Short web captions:

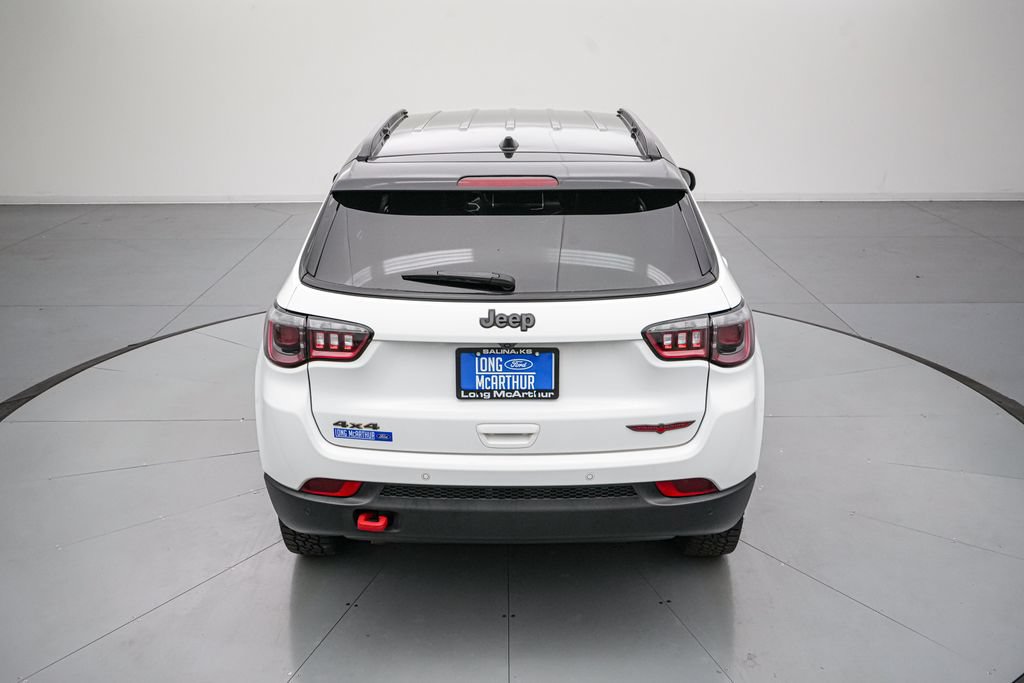 Used 2025 Jeep Compass Trailhawk AWD/4WD image 5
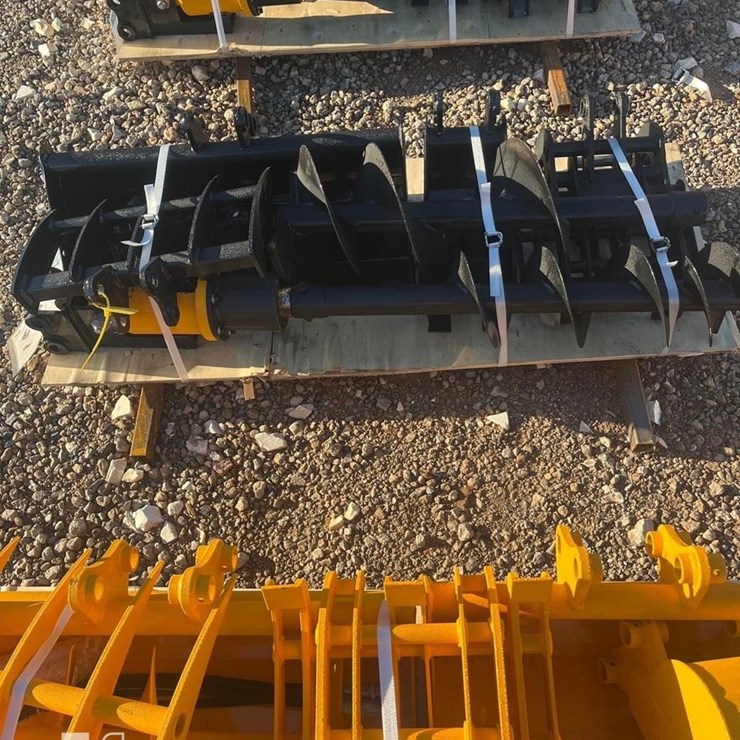 FUTURE MINI EXCAVATOR ATTACHMENT SET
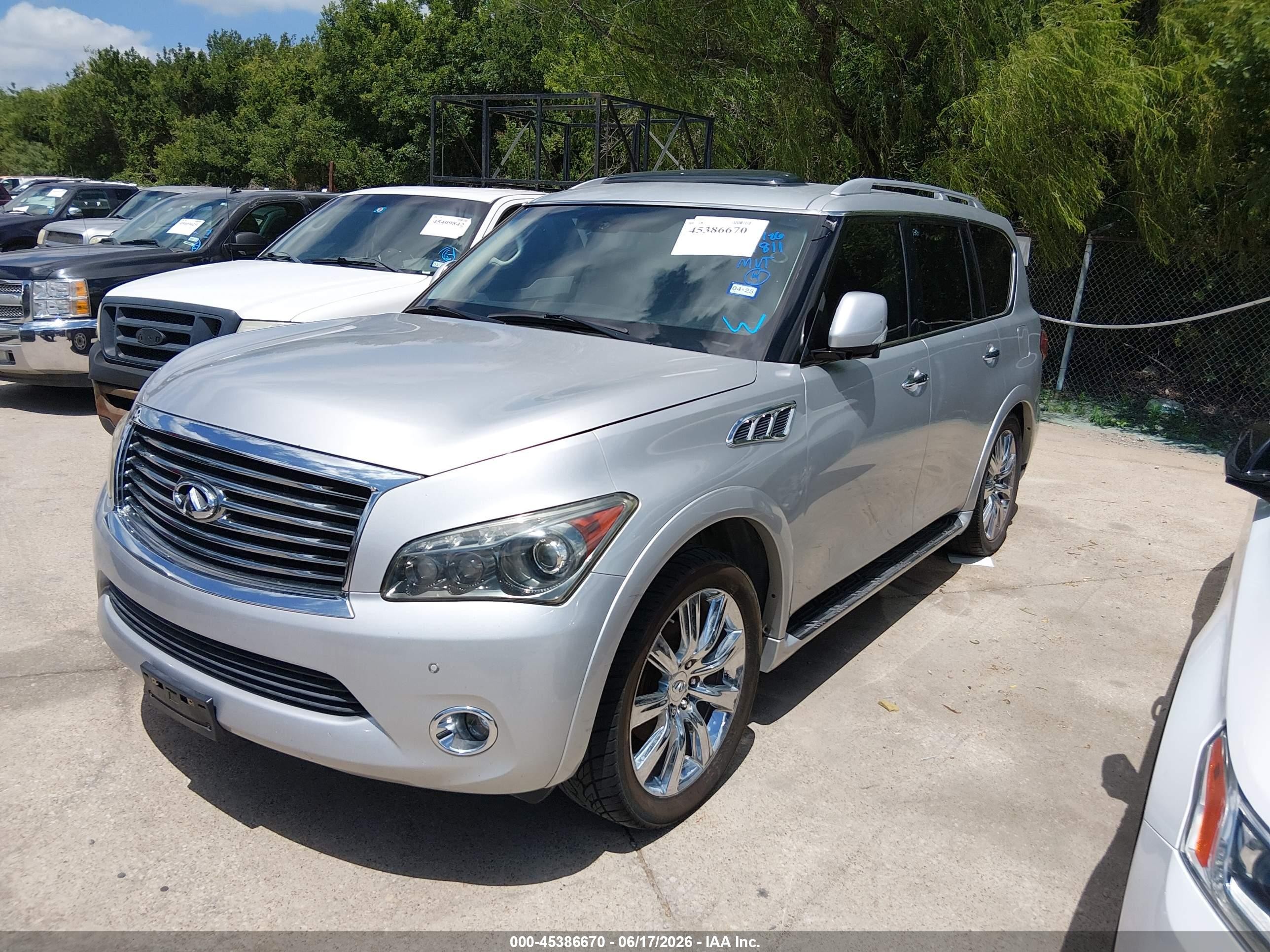 2011 Infiniti Qx56   Серебряный vin: JN8AZ2ND6B9701811
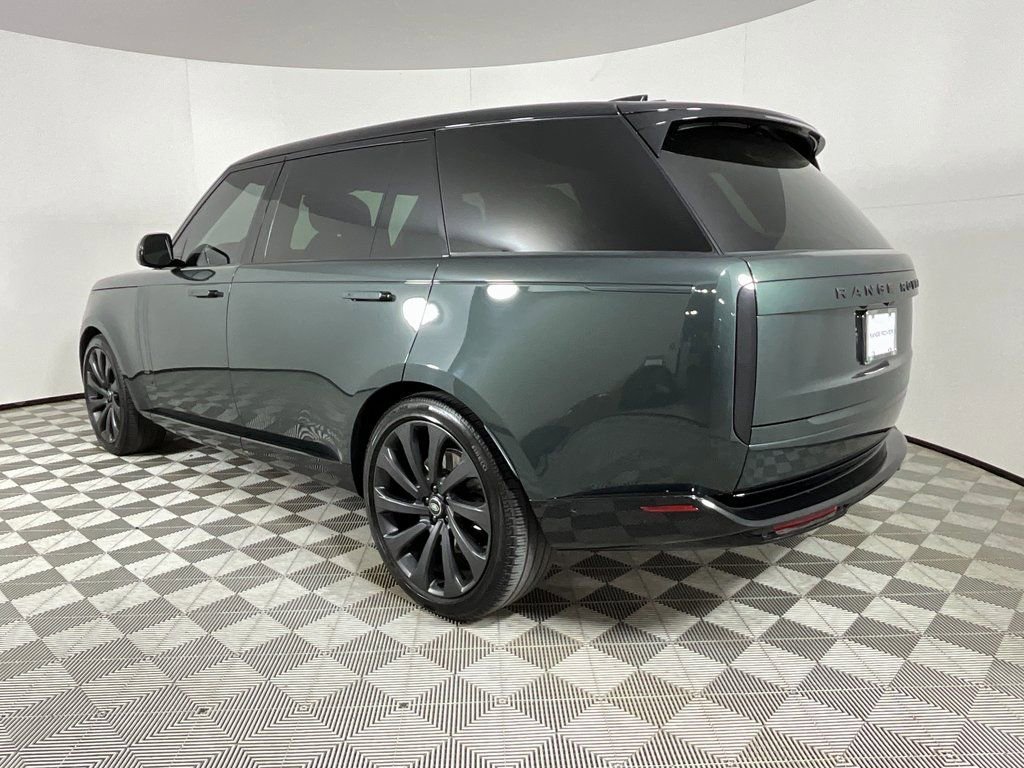 Used 2025 Land Rover Range Rover Long Wheelbase Autobiography image 3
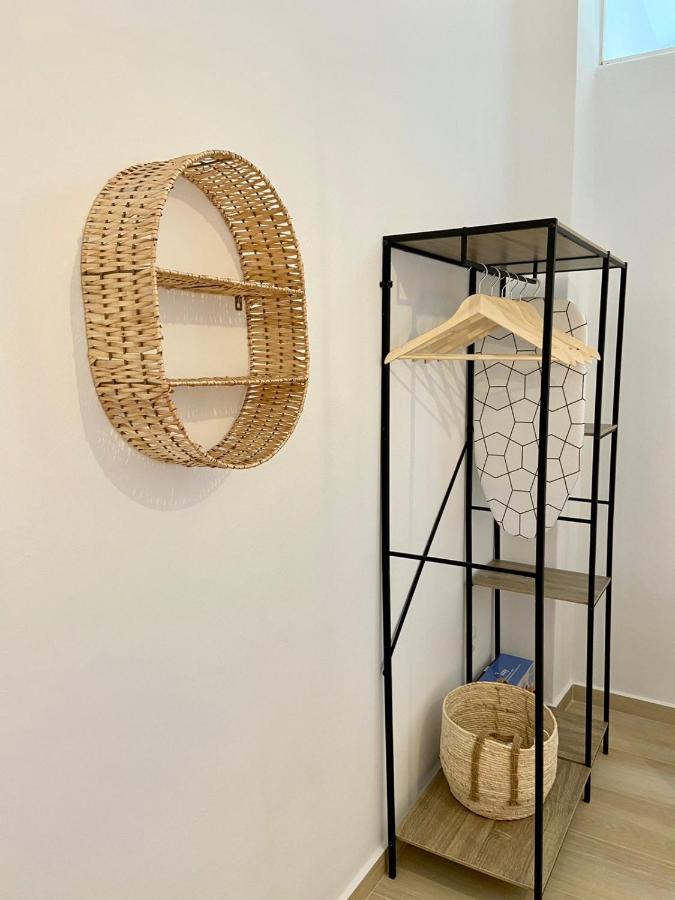 Batsi Seaside Apartment ภายนอก รูปภาพ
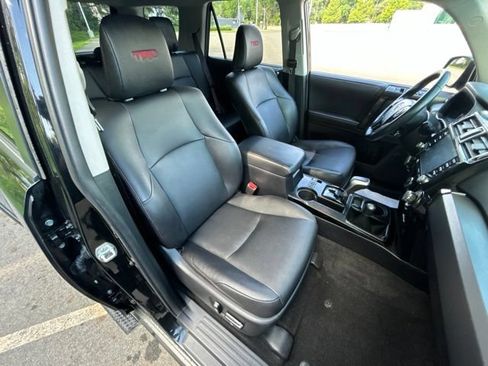 Used 2022 Toyota 4Runner TRD Off-Road Premium AWD/4WD image 32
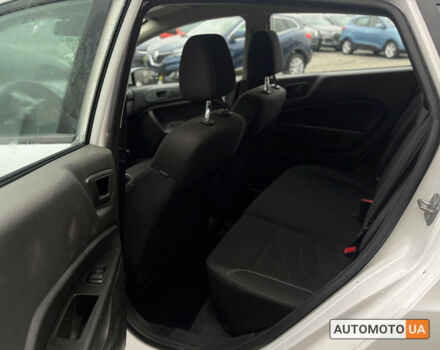 Білий Форд Фієста, об'ємом двигуна 1.6 л та пробігом 138 тис. км за 8599 $, фото 25 на Automoto.ua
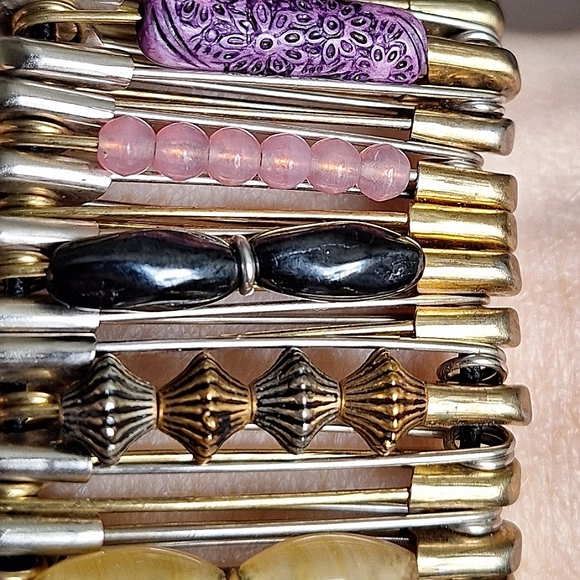Safety Pin Multi Beaded Bracelet - Picture 2 of 10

### Work request
Reproduce exactly the lines of the data above that run from the line with "2011 Infiniti Qx56" down to the line with "Used 2022 Toyota", both ends included. Pictures do not belong in the copy.

### Your response
 2011 Infiniti Qx56   Серебряный vin: JN8AZ2ND6B9701811
 Used 2025 Land Rover Range Rover Long Wheelbase Autobiography image 3
 Batsi Seaside Apartment ภายนอก รูปภาพ
 Used 2022 Toyota 4Runner TRD Off-Road Premium AWD/4WD image 32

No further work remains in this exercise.